3)Inner Rhythms describe the workings of systems and how they tend to steady or unsteady states. Chaos theory addresses the conditions necessary for a system to reach and maintain a steady state. Inner rhythm is an exploration of the inner landscape. We can see inner rhythms in terms of biological systems. Equilibrium represents a state of total control, whereas a steady state is a balance between chaos theory and control. When a biological system reaches equilibrium, it is dead. A certain amount of chaos is healthy in a system. Inner rhythms are the practice of surrendering to the moment and to our body’s wisdom. It is an opportunity for allowing, feeling, and expressing all the emotional qualities and textures that make up the human experience. I dare ask the question of what it is like to welcome inner chaos? Also, what is it like to be firmly rooted in our own center, true to ourselves, while sharing space and interacting with others? And what unfolds when we carry this embodied truth
and freedom beyond the dance floor, into our daily lives? The risk management parallel of inner rhythms is represented by the trade-off between risk and return. The state where firms are most likely to meet their corporate objectives are those where risk and return are optimally balanced. A system is considered robust if it can both withstand jolts and function well over a wide range of economic conditions. Too much control leaves companies unable to react to unexpected changes, whereas too much chaos theory leaves companies out of control. Mode locking in chaos theory refers to the natural tendency of systems to harmonize with each other. Pendulums on wall clocks next to each other tend to swing in synchronicity. Mode locking also explains why the light side of the Moon always faces the Earth. There is a natural tendency for risk elements to acquire a degree of synchronicity and become correlated with other elements.

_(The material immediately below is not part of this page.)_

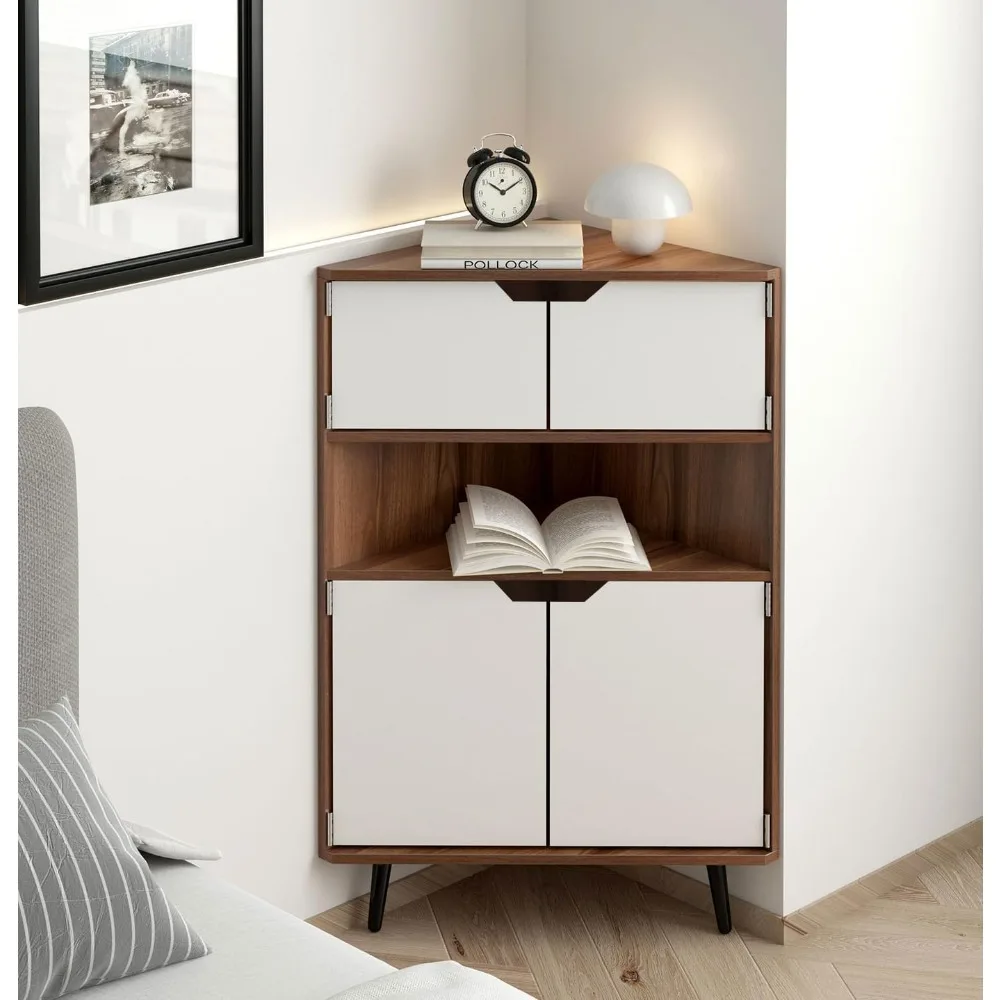 

Corner Cabinet, 4-Tier Wood Wall Corner Storage Cabinet with 4-Door Cabinet&1 Cube, for Small Space, Living Room, Bedroom, Dini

4) Fractals are natural phenomena exhibiting self-similar patterns at every scale. They stem from chaos theory and are fractions of dimensions that include everything from clouds to oil prices to galaxy clusters.

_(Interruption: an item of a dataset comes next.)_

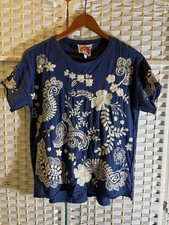 Johnny Was JWLA Blue Embroidered Floral Short Sleeve T-Shirt XS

Consider a coastline viewed from both space and a person walking along it. The coastline is neither one nor two-dimensional but is a fractal dimension somewhere in between. Fractals tell us that the fractal dimension is the
same for both the astronaut and the pedestrian. Metaphorically speaking, there is no difference between looking through a microscope and looking through a telescope. Fractals prove there is no inherent scale to the
universe—and link the macrocosmos of relativity theory (Einstein’s Moon) with the microcosmos of quantum theory (Schrödinger’s Cat) which tells us consciousness determines perceived reality in both cases. If one compares
minute-to-minute oil prices to month-to-month prices, fractals tell us that the probability of big jumps stays relatively the same (ie. micro equals macro). Fractal basin boundaries refer to the natural tendencies of systems
to gravitate to particular basins. It is a question of chaotic elements choosing one basin over another. In risk management, the objective is to delineate the basin boundary and therefore determine the characteristics of
the risk elements within the basin. Chaos theory suggests that rather than trying to control several smaller basins of risk, it is best to define a larger basin boundary and allow the smaller risk basins to spill into each
other. Corporately, the risk basin boundaries define both by a firm’s exposure to risk and by the objectives, values and risk preferences of the firm. This postmodern approach to risk management ties all risk elements
into the very heart of corporate policy.

Conclusion. This essay tells the story of chaos theory and its importance in finding order where there was only chaos before in risk management and many other disciplines. Chaos theory teaches us to expect the unexpected. When one comes across a chaotic system, most people just give up. Instead, we can turn disorder into order by simply applying the extensive methods of chaos theory.